How to best protect an animal (in this case a chinchilla) during transportation? The chichilla is travelling by bus with a friend of mine and needs as good protection as possible. Would a cat carrier be a good choice?


----------



## Wimbo (Nov 21, 2008)

It depends on how long the chin will be on the bus. A cat carrier can be fine, but chins cannot handle the heat well...if the bus is heated (and I assume it will be) and the chin is in the carrier on the floor (which on buses generally gets pretty warm) for a long period the chin has the potential to overheat. Add to that being inside of a cat carrier that will hold warmth.

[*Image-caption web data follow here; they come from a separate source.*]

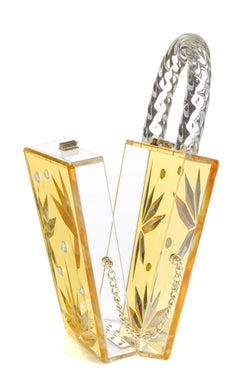 Top Handle Amber Hock Cut to clear Lucite Acrylic Handbag-3 width=100 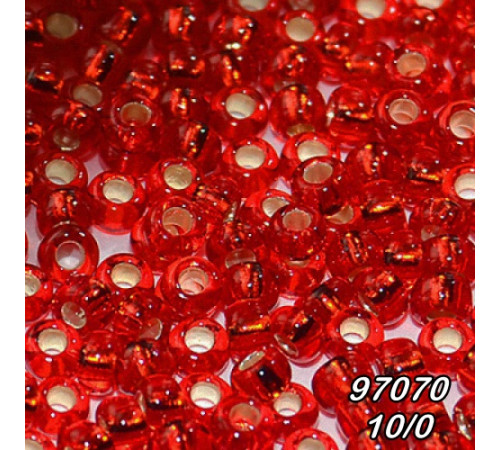 Бісер Preciosa 10/0 червоний (97070-10/0-1с) профарбований сріблом 50 гр. Бісер Preciosa 10/0 червоний (97070-10/0-1с) профарбований сріблом 50 гр.
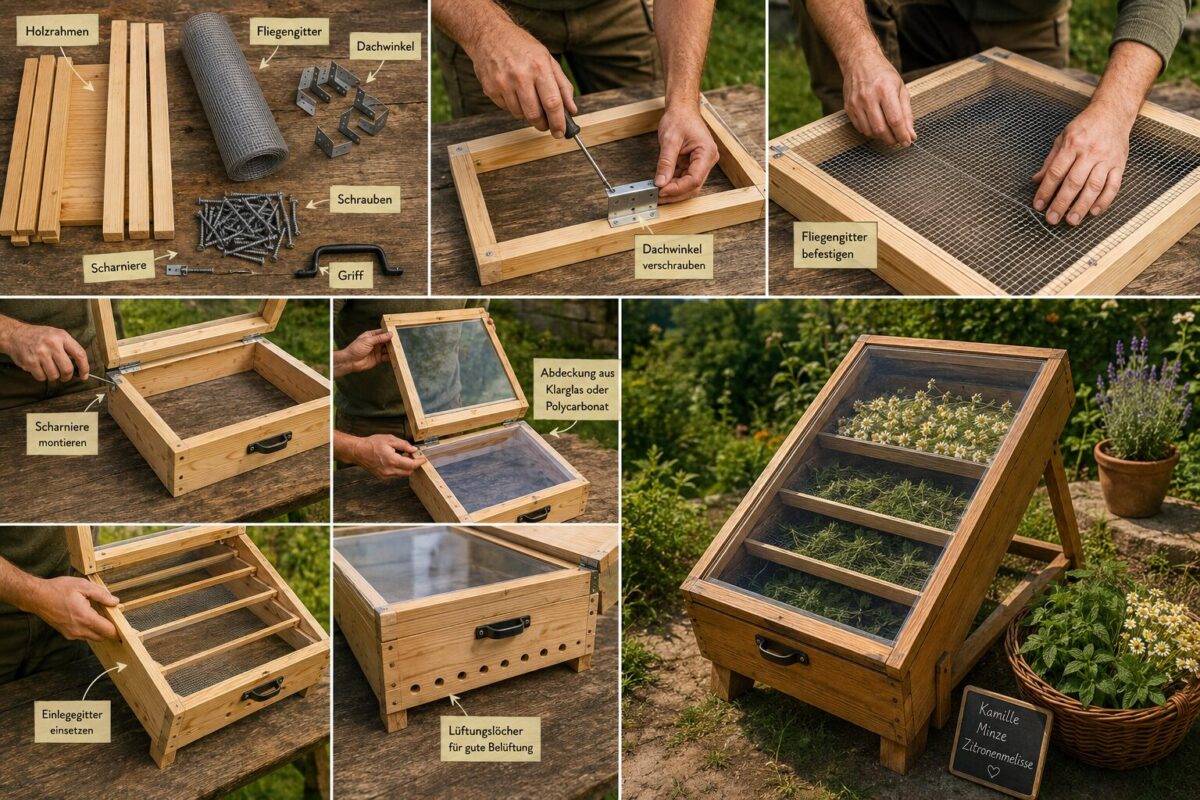 Einen eigenen Solar-Dörrer für Kräuter ohne Strom bauen – Der komplette Ratgeber 1 Detailed () instructional collage showing the step-by-step construction of a solar herb dryer: top-left shows raw wooden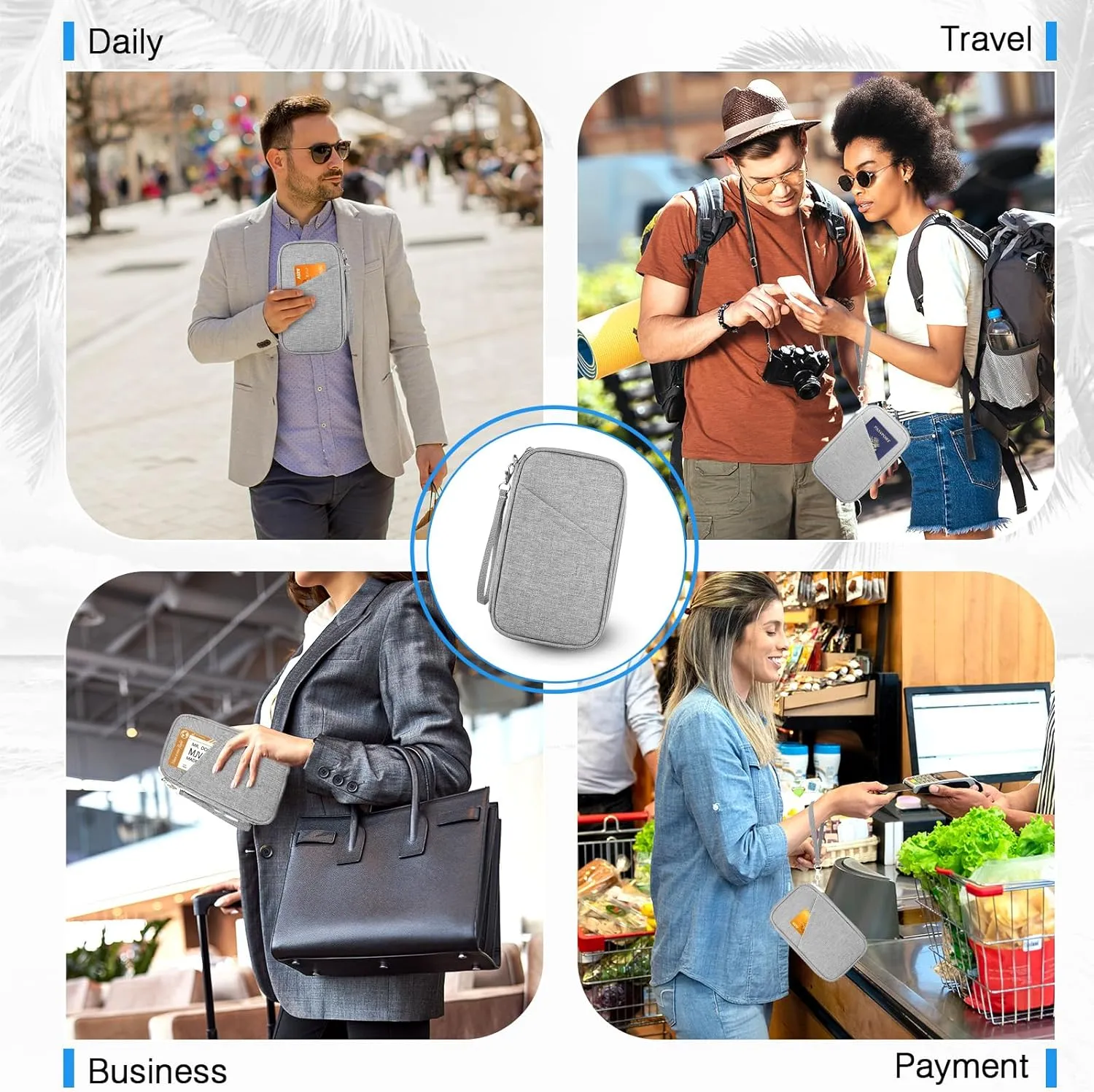 Passport Holder Family RFID Travel Document Organizer for Women Waterproof Passport Wallet Men Portable Case for Cards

Can your friend get some ceramic tiles and cool them in the freezer prior to the trip and put them in the carrier with the chin? Or freeze a water bottle and put the frozen water bottle inside the carrier...that would probably be even better. (A bottle of water, not a waterer for the chin.) A friend of mine had her chins transported for about 1 - 2 hours in the summer, with air conditioning. They were in a cat carrier for safety. One died from heat exhaustion. The inside of the carrier was all sweaty. When I had chins, they were never in front of a window where the sun could beat on them - they had a window air unit for the summer, with a fan blowing the cold air to them, and in the winter they were in a room with no heat. (Of course when they had out of cage time they were allowed all over the house.) If it were me, I would freeze a few bottles of water - depending on the length of the trip - put one in the carrier and keep the others in an insulated bag so that if needed they could be swapped out. Hope that helps! Just remind your friend that the chins should be kept away from any heat source - such as the blower of the heat on the bus! Is the chin for you?


----------



## Siwain (Feb 25, 2008)

No, it's for her, but she studies in another town and is going home for vacations.

Thanks for the answer! I'll definitely talk with her about it!


----------